• EXERCISE OBJECTIVE
Exactly reproduce all the records, keeping pictures out of the copy.

• DATA FOR THE TASK
******

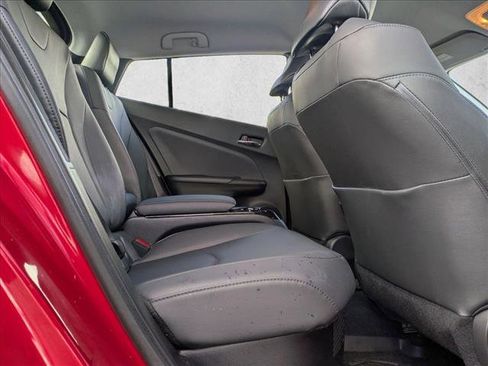 Used 2019 Toyota Prius Prime Premium image 19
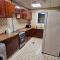 King Room with Attached Private Bathroom in Shared Apartment - 沙迦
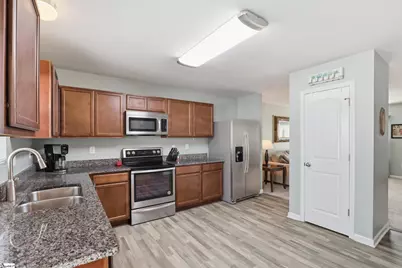 131 Colonial Walk, Pickens, SC 29671 - Photo 11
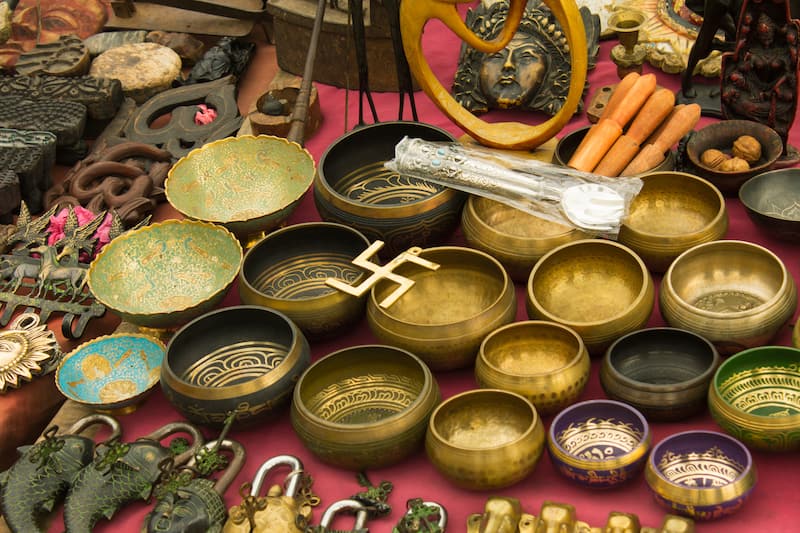 Dalhousie handicrafts including shawls, wooden crafts, and metalwork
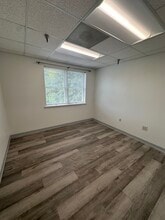 9375 Chesapeake St, La Plata, MD for lease Interior Photo- Image 2 of 8
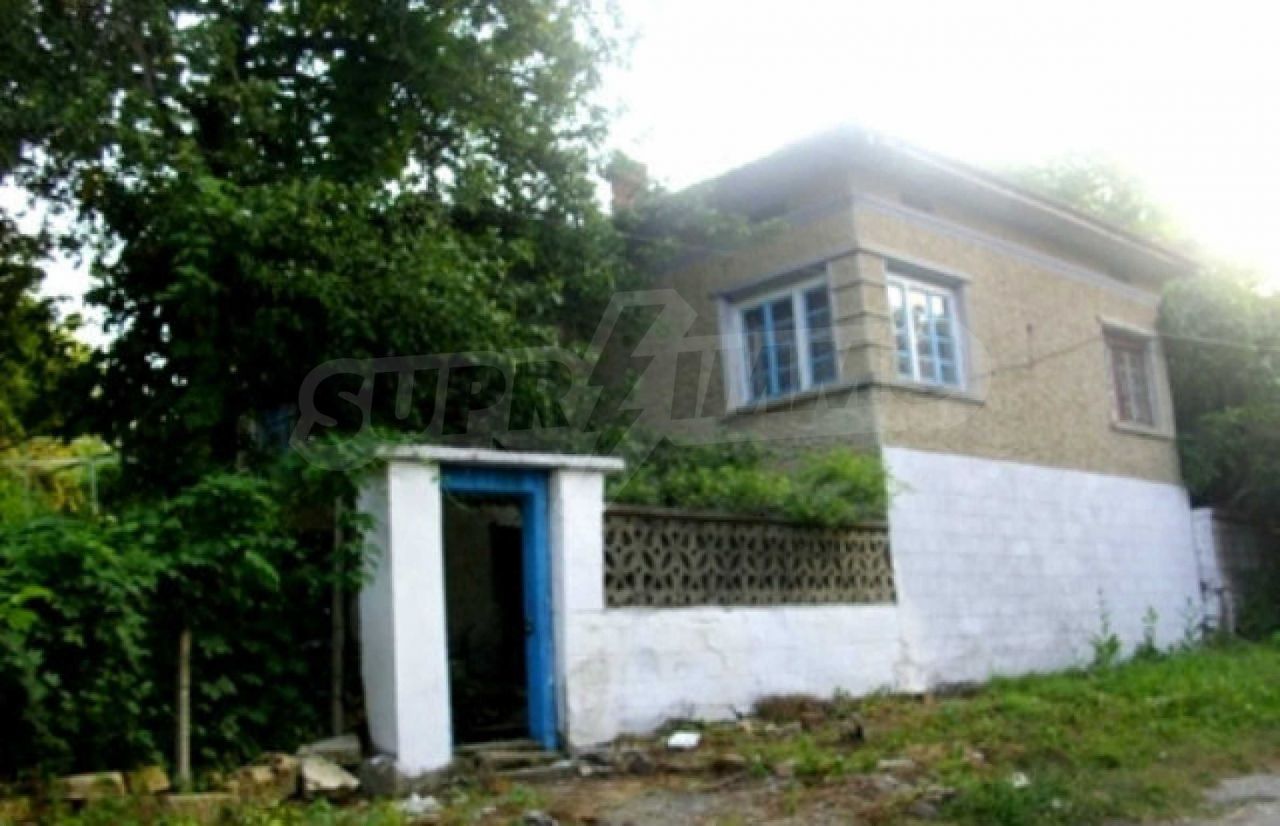 Casa en Veliko Tarnovo, Bulgaria, 100 m2 - imagen 1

******

• EXPECTED OUTPUT
 Used 2019 Toyota Prius Prime Premium image 19
 King Room with Attached Private Bathroom in Shared Apartment - 沙迦
 131 Colonial Walk, Pickens, SC 29671 - Photo 11
 Dalhousie handicrafts including shawls, wooden crafts, and metalwork
 9375 Chesapeake St, La Plata, MD for lease Interior Photo- Image 2 of 8
 Casa en Veliko Tarnovo, Bulgaria, 100 m2 - imagen 1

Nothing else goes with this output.